Der Ende November startende, neue Caddy der fünften Generation hat nun hinten Schraubenfedern, was die Zuladung verringert. Dafür soll sich der Fahrkomfort verbessert und die Durchladebreite gestiegen sein. Wir haben den Neuling getestet, um herauszufinden, wie sich das auswirkt.

Was ist neu beim Caddy V?

Schon die alte Generation verwendete Teile des Modularen Querbaukastens (MQB) von VW. Die neue Variante basiert nun vollends auf dieser Plattform. Ausgegangen sind die Ingenieure vom Golf VIII. "Wir haben da unseren Hut drauf gesetzt", sagt VW-Nutzfahrzeuge-Produktmanager André Bertelsmeier, und verdeutlicht das mit einem Vergleichsbild:

Ein bisschen getrickst müssen die VW-Grafiker allerdings haben, denn mit 4,50 Meter ist der der Caddy doch etwa 30 Zentimeter länger als der Golf; auch der Radstand ist immerhin 13 Zentimeter länger. Aber sei's drum.

Die neue Plattform macht sich durch ein ähnliches Cockpit (mit vielen großen Displays sowie neuen Touch-Flächen beispielsweise zum Anschalten des Lichts) bemerkbar, aber auch durch die neuen Antriebe (die neuen evo-Versionen des 2.0 TDI und 1.5 TSI sowie eine Plug-in-Hybrid-Variante) und einige neue Assistenzsysteme.

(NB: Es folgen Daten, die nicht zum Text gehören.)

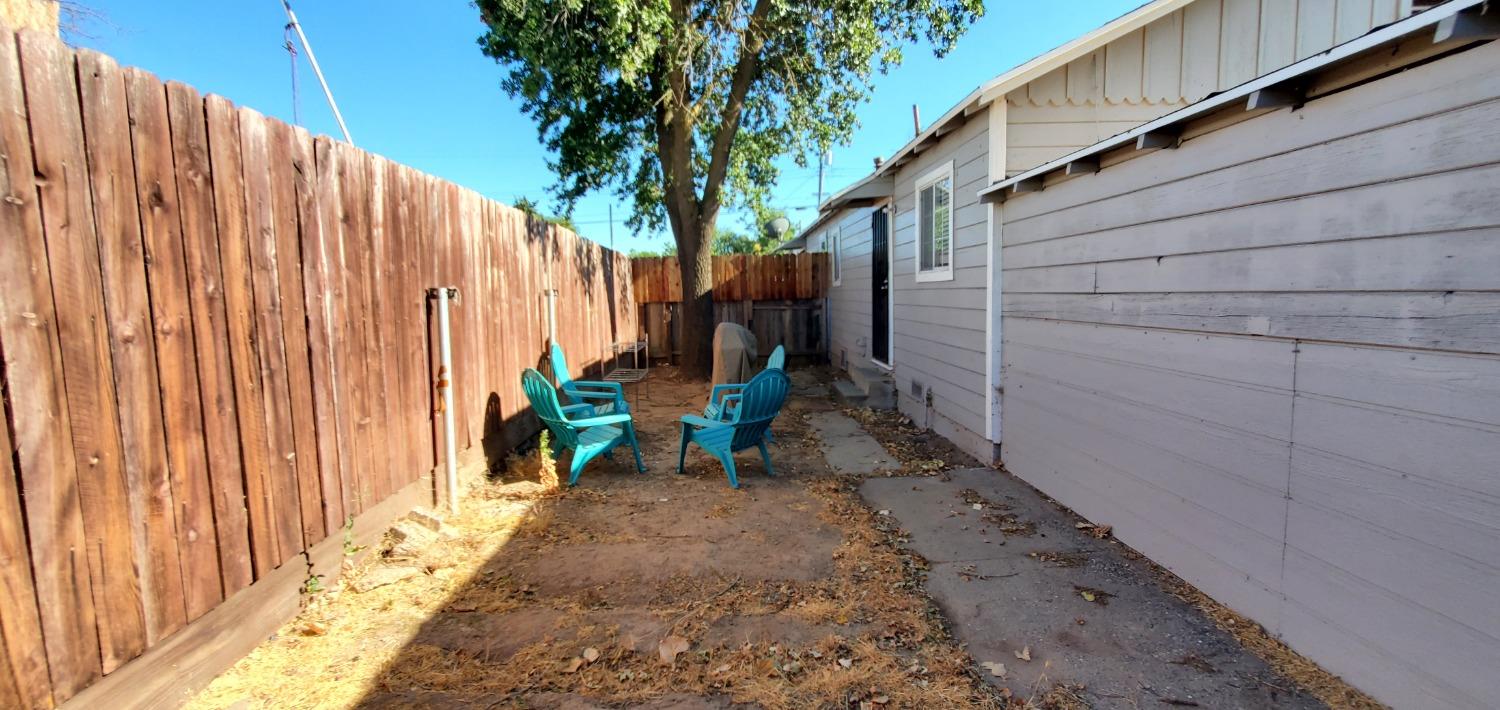 Detail Gallery Image 20 of 22 For 1161 Acacia Ave, Sacramento,  CA 95815 - – Beds | – Baths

Cockpit mit vielen großen Displays

Innen verblüfft der neue Caddy mit seiner Displaylandschaft. Der Testwagen hatte das optionale Instrumentendisplay, bei dem sich die Ansicht verändern lässt. So kann man sich zwei Rundinstrumente (Drehzahlmesser und Tacho) anzeigen lassen, eine große Navigationskarte oder auch eine minimalistische Ansicht. Wer will, kann auch die Anzeigen im Detail ändern, zum Beispiel links die verbliebene Adblue-Reichweite und rechts einen Kompass. Und bei der Ansicht mit großer Navi-Karte kann man sogar hinein- und herauszoomen.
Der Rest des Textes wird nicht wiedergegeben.